__ACTIVITY__.
From the line containing "giro privateer black" to the final line of the entries, copy each line exactly. Pictures stay out.

Crawled caption data:
[Start of section]

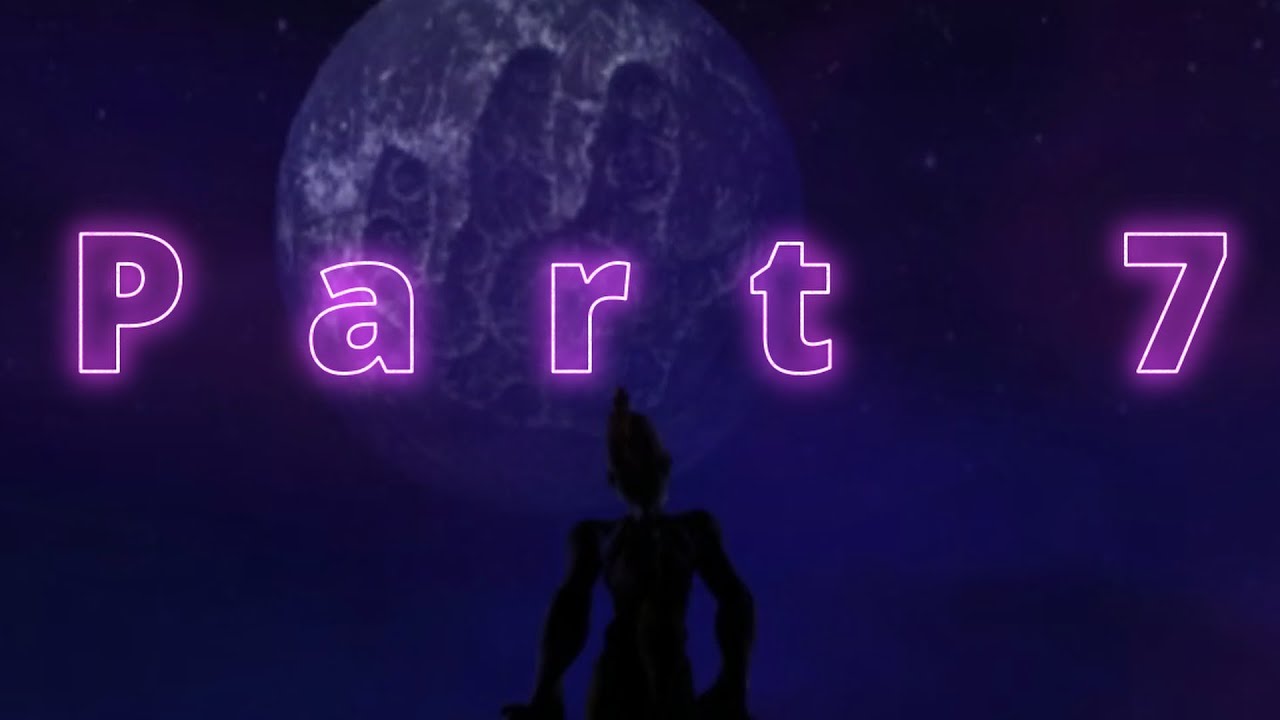 Oddworld: Abe’s Oddysee – Вхождение в дикую местность Мудоконов 🌿 | PS1 Новое начало
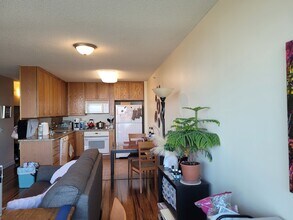 9655 Woods Dr in Skokie, IL - Building Photo - Building Photo
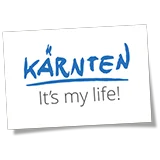 Urlaub und Ferien in Kärnten Österreich - Hotels, Angebote uvm. (kaernten.at)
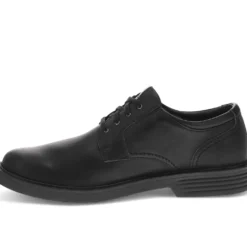 Men's Dockers Tanner Slip Resistant Dress Oxfords -ladyblacktie shop 157212 342371 3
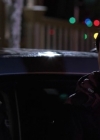 Charmed-Online-dot-nl_TheHolidayCalendar0642.jpg
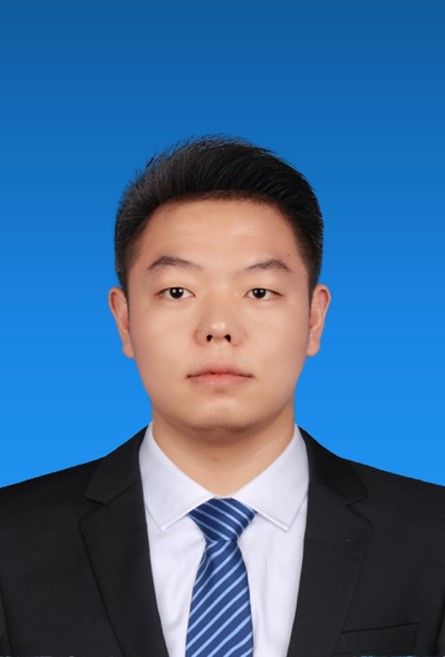 新澳门六合彩资料库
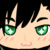 :iconsecluded-delusions:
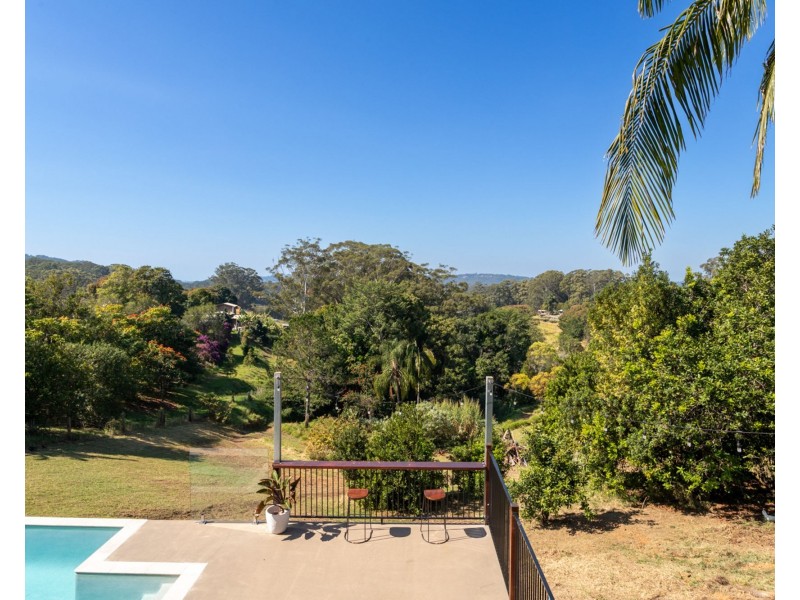 36 Kiel Mountain Road, Woombye QLD 4559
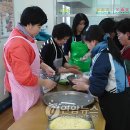 광덕초등학교 이미지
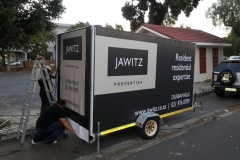 vehiclebranding4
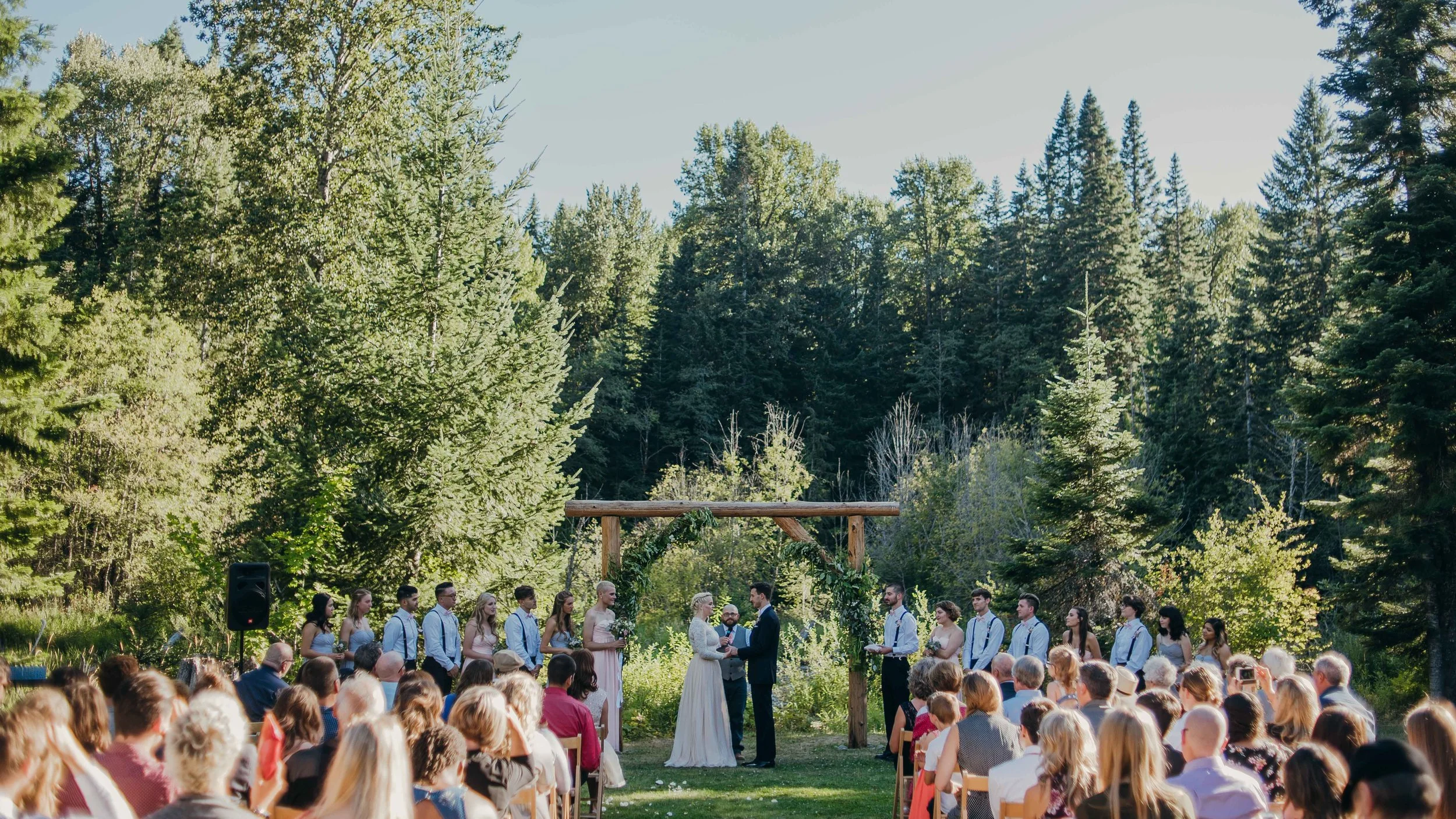 Kellianne and Logan Wedding Blog-34.jpg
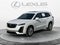 2023 Cadillac XT6 AWD Premium Luxury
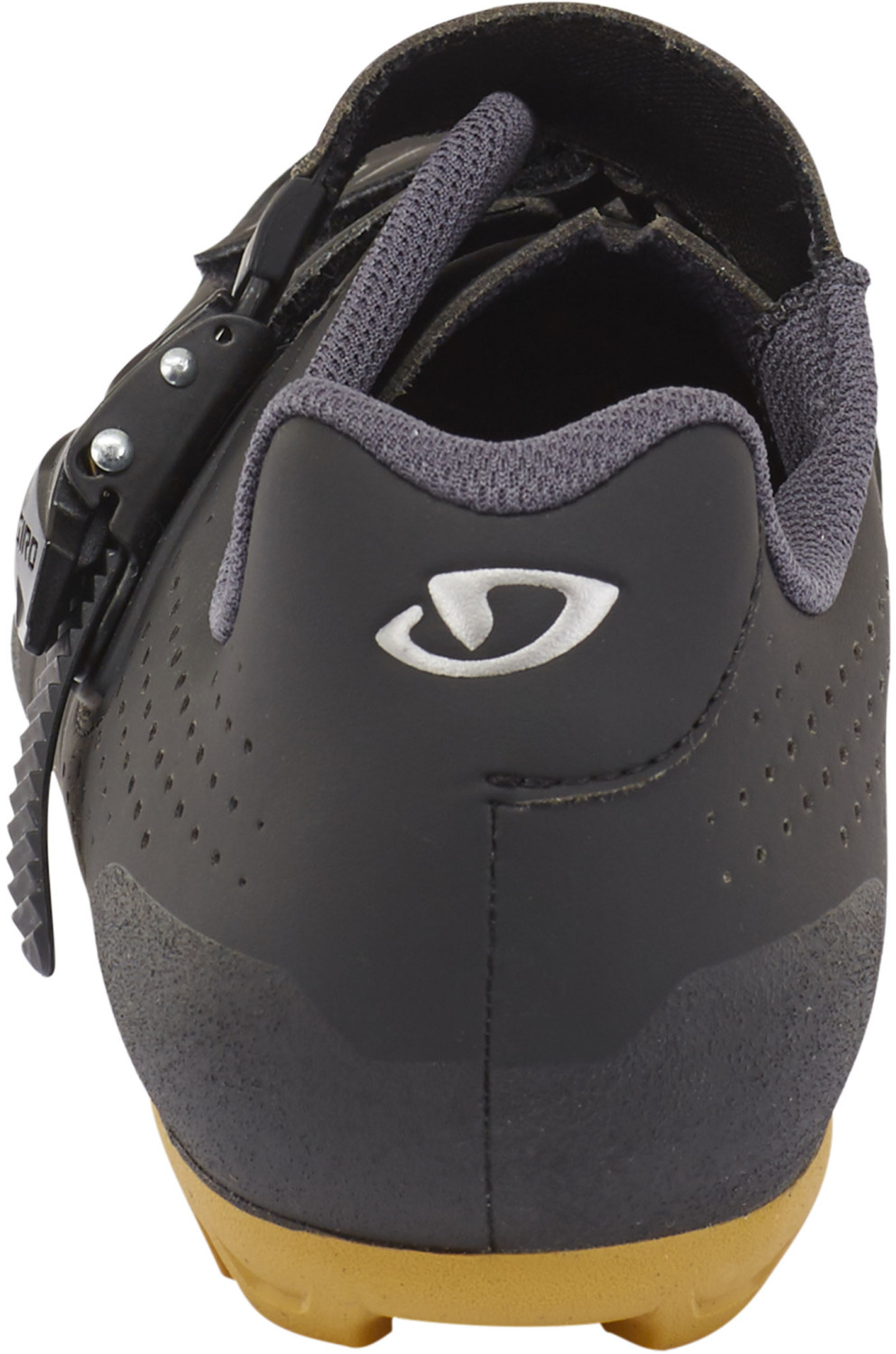 giro privateer black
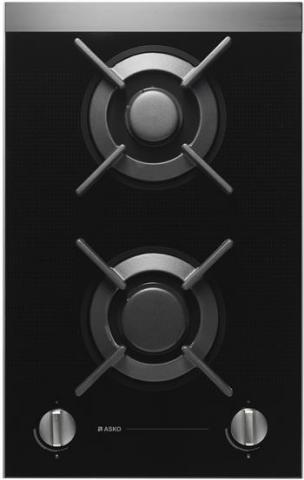 ASKO HG1355GD 10033 Backofen Thermoschalter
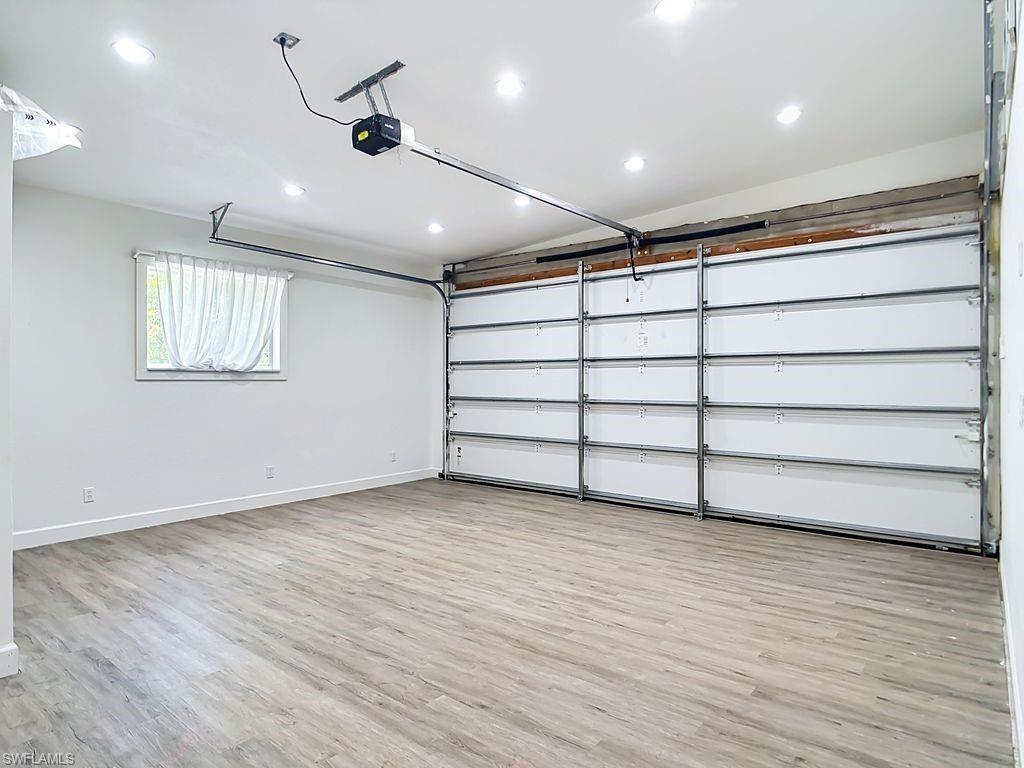 1409 Lavilla Rd Property Photo 47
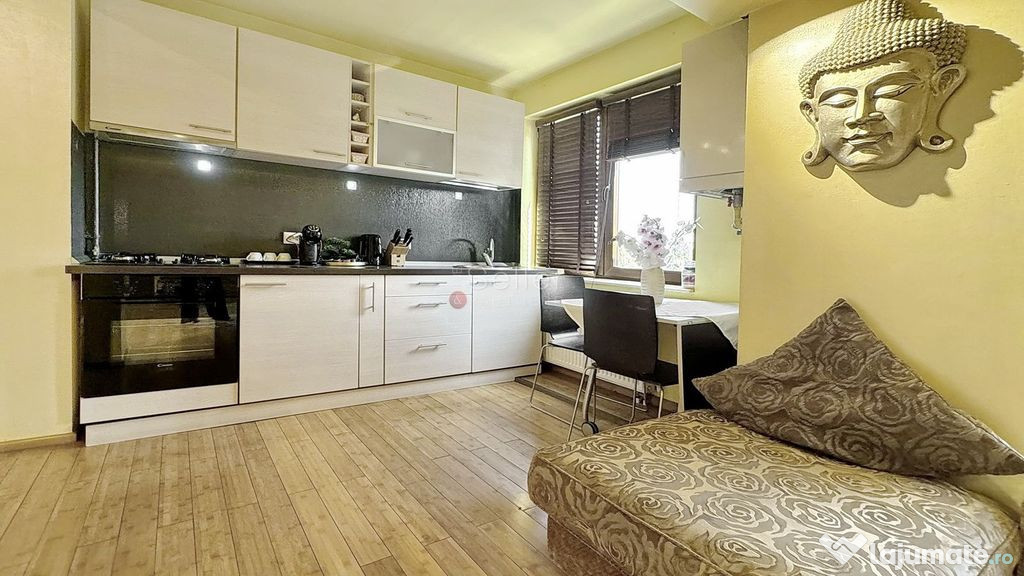 Zona Centrala | Finisaje Calitative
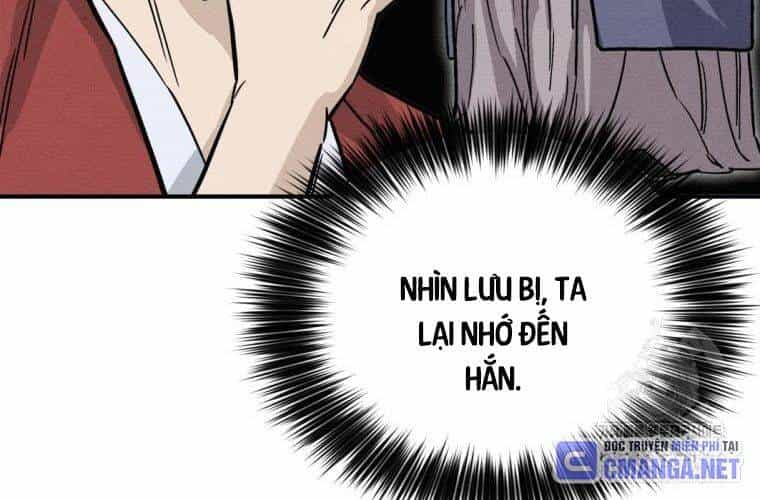 Trọng Sinh Thành Thần Y Thời Tam Quốc - Chương 123 - ảnh 15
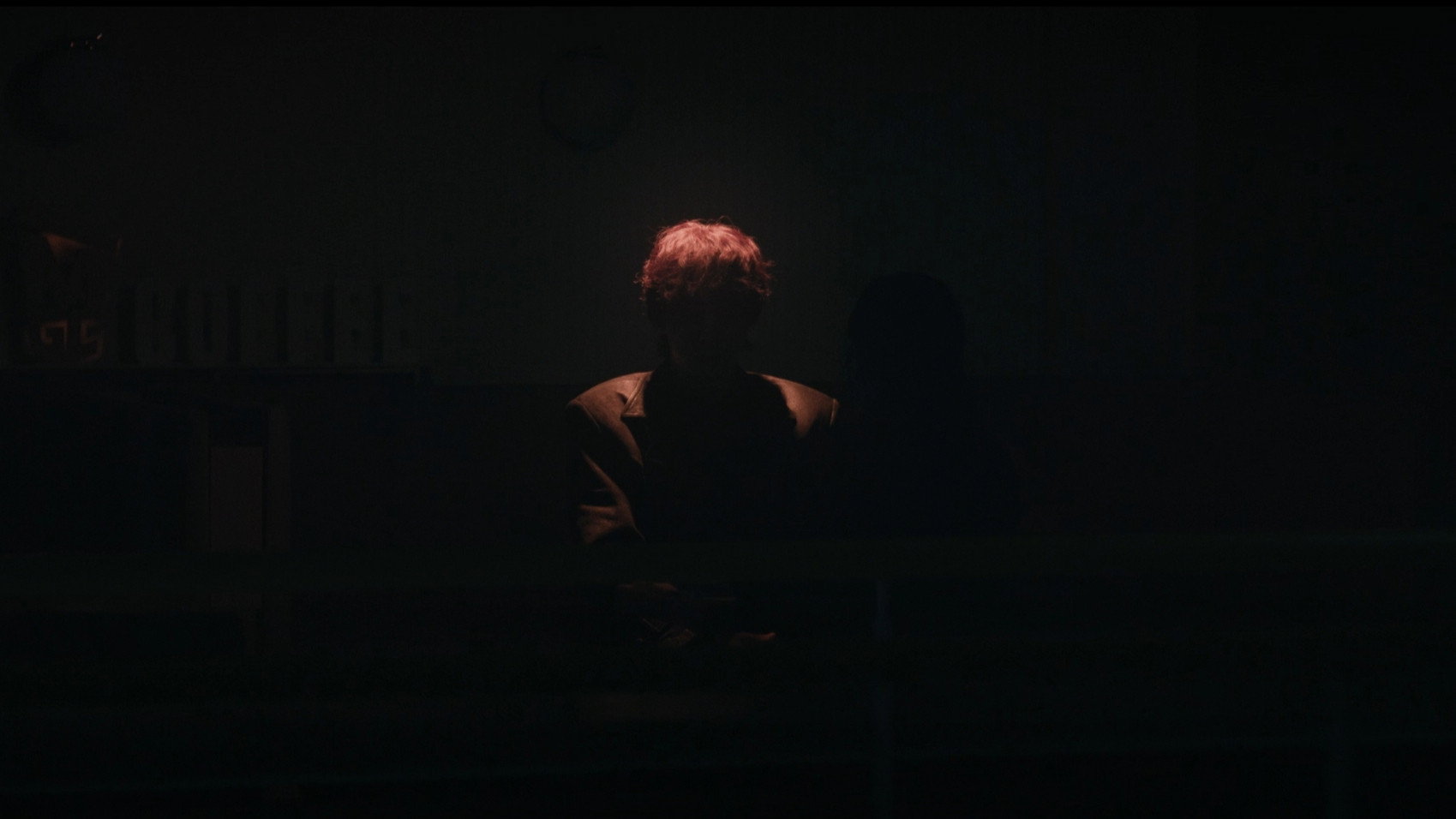 S1E4 · Tell Me an Interesting Story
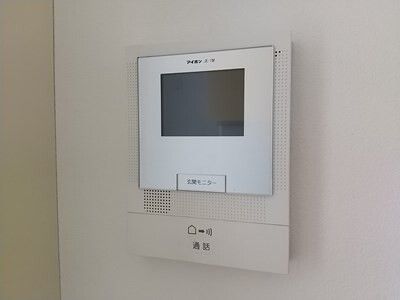 東急田園都市線 三軒茶屋駅 徒歩10分 2階建 築18年のその他写真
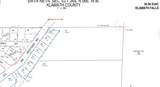 0 Rocky Point Road - Photo 25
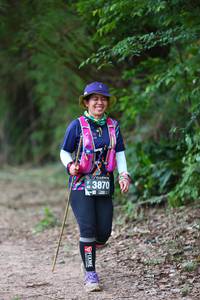 BIB: 3870
                            <button type="button" onclick="openModal(3996964)" class="btn btn-primary btn-sm float-right btn-popup" data-toggle="modal" data-target=".modal-high-quality">
                        <i class="fas fa-shopping-cart"></i> Add to Cart
                    </button>
                                            <button type="button" onclick="isThisMe(3996964, true)" class="btn btn-success btn-sm float-right btn-popup btn-isme hidden" data-toggle="tooltip" data-placement="bottom" title="นี่คือรูปของคุณใช่ไหม คลิกที่นี่เพื่อเอาเข้าอัลบั้ม">
                        <i class="fas fa-plus"></i> Add to album
                    </button>
                    <button type="button" onclick="isThisMe(3996964, false)" class="btn btn-warning btn-sm float-right btn-popup btn-isnotme hidden">
                        <i class="fas fa-ban"></i> Remove from album
                    </button>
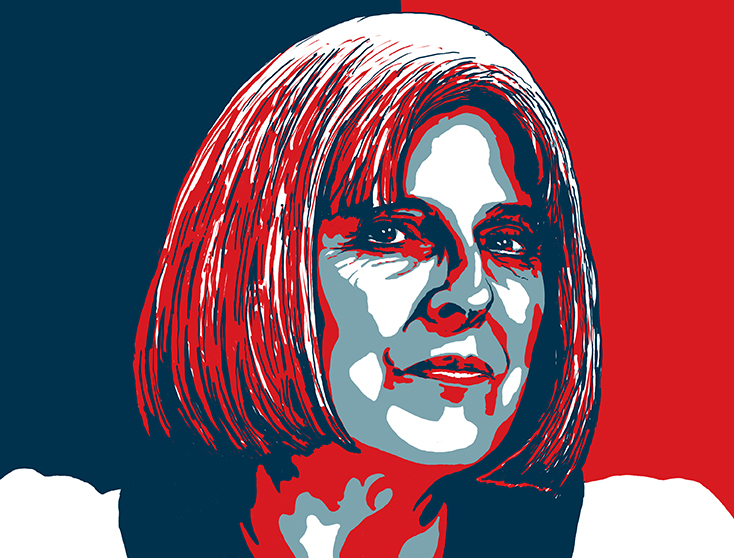 theresa may_shielyule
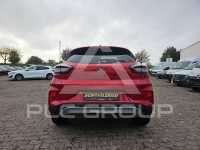 2024 Ford Puma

[End of section]

__RESPONSE TO THE TASK__.
 giro privateer black
 ASKO HG1355GD 10033 Backofen Thermoschalter
 1409 Lavilla Rd Property Photo 47
 Zona Centrala | Finisaje Calitative
 Trọng Sinh Thành Thần Y Thời Tam Quốc - Chương 123 - ảnh 15
 S1E4 · Tell Me an Interesting Story
 東急田園都市線 三軒茶屋駅 徒歩10分 2階建 築18年のその他写真
 0 Rocky Point Road - Photo 25
 BIB: 3870
                            <button type="button" onclick="openModal(3996964)" class="btn btn-primary btn-sm float-right btn-popup" data-toggle="modal" data-target=".modal-high-quality">
                        <i class="fas fa-shopping-cart"></i> Add to Cart
                    </button>
                                            <button type="button" onclick="isThisMe(3996964, true)" class="btn btn-success btn-sm float-right btn-popup btn-isme hidden" data-toggle="tooltip" data-placement="bottom" title="นี่คือรูปของคุณใช่ไหม คลิกที่นี่เพื่อเอาเข้าอัลบั้ม">
                        <i class="fas fa-plus"></i> Add to album
                    </button>
                    <button type="button" onclick="isThisMe(3996964, false)" class="btn btn-warning btn-sm float-right btn-popup btn-isnotme hidden">
                        <i class="fas fa-ban"></i> Remove from album
                    </button>
 theresa may_shielyule
 2024 Ford Puma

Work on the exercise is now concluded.